For a field that loves statistics, computer security sure treats them casually. In order to get my humble BA in Psychology, I absorbed my share of course hours in statistics and testing methods, including a set of lectures based upon Darrell Huff's brilliant book, "How to Lie with Statistics" - which I highly recommend. It's fun easy reading satire - those lectures had the effect of making me hyper-skeptical about any large, round, number that's thrown my way. Sometimes, I get the urge to play and this is one of those times. Please don't take anything from this point forward very seriously, OK? I'm going to cheerfully lie and throw bogus, useless figures at you, but (unlike the throwers of most of the bogus figures you see) I've given you the courtesy of warning you, first.
Verizon recently published their annual Data Breach Investigation Report (henceforth: DBIR) and one of the charts, Figure 13, that really jumped out at me was the money shot:
Well, that's pretty clear. And, it's a statistic. So, I'm convinced!

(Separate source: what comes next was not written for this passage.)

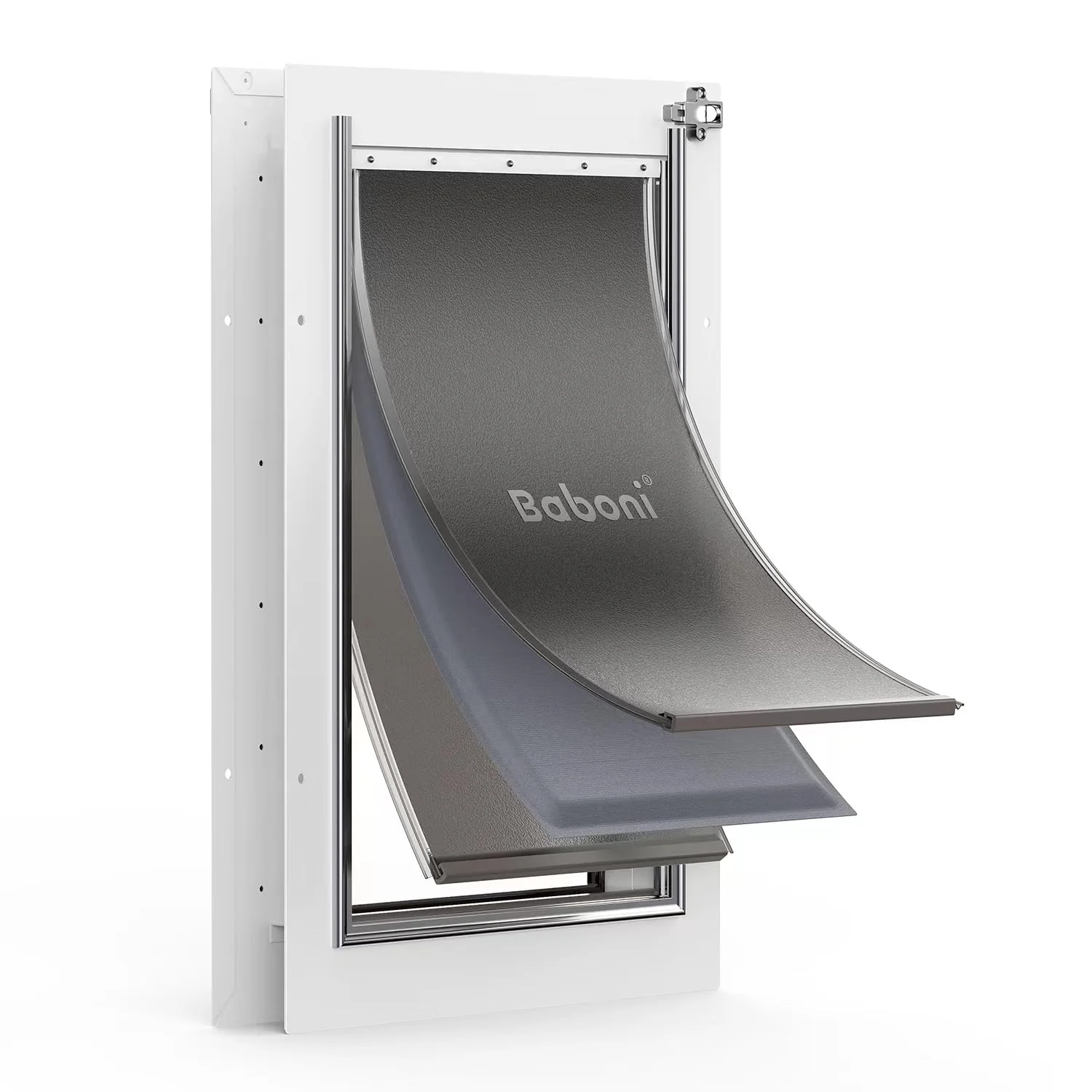 Expertly Made Baboni 3-Flaps Pet Door for Interior Exterior Doors — Up to 100 lb Consistent
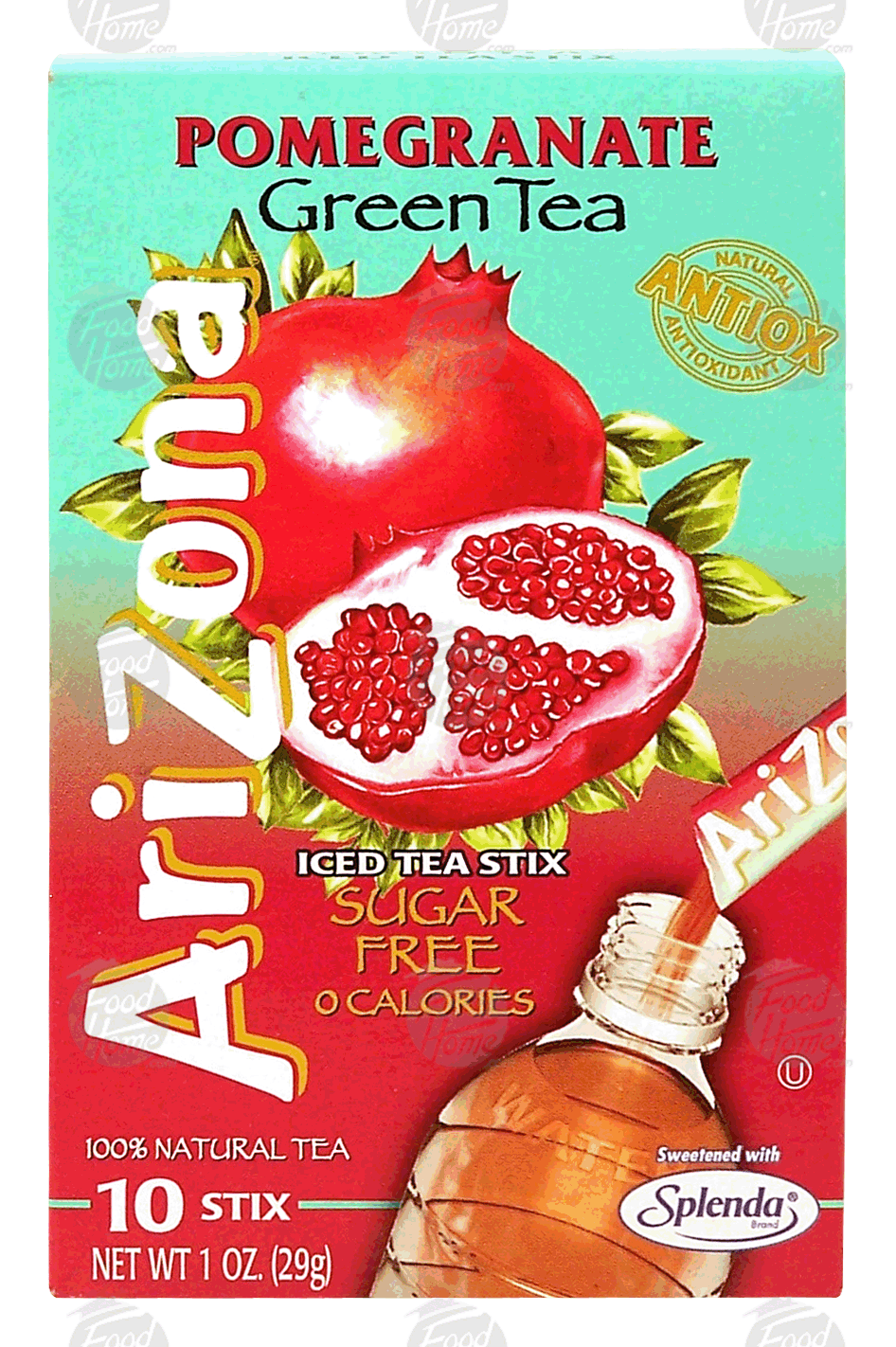 Arizona  pomegranate green tea iced tea powder mix, sugar free, 10-stix Full-Size Picture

Immediately my hyper-skeptical subconscious started nagging me, wondering about sampling bias, and nodding in admiration at the sciency-sounding vagueness of "external actors", and so forth. For example, I wondered how on earth one could accurately categorize what an attack is, given that an attack might consist of anything between grandma's home computer getting amoeba'd into a botnet or a massive trojan-based corporate penetration with data exfiltration and horizontal spread. Then I started wondering whether, perhaps, Verizon gets a disproportionate view of the landscape because of who they are, and I decided to simply ignore the chart and turn the page.
Obviously, the case is being made that China is a problem. I'm not arguing with that... In fact, I think it probably is, but I don't think that the computer security community is close to understanding what's going on or why, and simplistic statistics don't serve us very well. I found myself wishing that it were possible to make a really good stab at the problem, but realized there's no way I could do that in the remaining time allotted for me to walk the Earth. So I decided to experiment with a few bad statistics of my own, instead.
The Verizon statistic allegedly tells us something about overall hacking by volume (percentage of hacks) and type (target: espionage, financial, other) and encourages us to conclude that China is the problem. Since China represents 1/4 of the world's population, does it have 1/4 of the world's hackers? Of course we don't have any data that would help us conclude that hacking is normally distributed within a population, but what if we did?
I read a figure a couple years ago that China's Internet-using population (i.e., total headcount) surpassed the US Internet-using population. Let's hypothesize that, for the sake of simplicity, the US and China are approximately neck and neck, which would mean that the US and China together represent substantially more than half of the world's Internet users, probably some 70%. Well, that would tell us that proportionally, the Chinese are about as badly-behaved as the rest of us, but looking at the Verizon chart - the Romanians are exceedingly naughty.
I didn't have a credible way of reasonably estimating population of Internet users by country, so I just normalized against global population and used Verizon's statistics on hacking as a percentage. China's 30% of the hacking was caused by 25% of the world's population and suddenly China's hacking rate seems pretty reasonable. I'll note that Americans appear to be behaving much better than I'd expect, but perhaps that's a result of bias in Verizon's sampling methods. We really need to fear the Romanians, Bulgarians and Armenians.
Of course it's not fair to assume that a farmer in Northern China is a hacker, but this is a posting about making unfair assumptions so, why not? Lacking data to clarify our assumptions, my statistical lie is as good as anyone else's - what it represents is a measure of the hacking energy of populations. That sounds mighty sciency. However, it might be possible to filter out the farmer in Northern China by using some other measure of a society's overall Internet-connectedness. How about IPv4 addresses? That will give us a statistic that might be a measure of how much hacking a country does (according to Verizon) per IP address: how relatively hack-efficient they are in terms of their infrastructure's footprint.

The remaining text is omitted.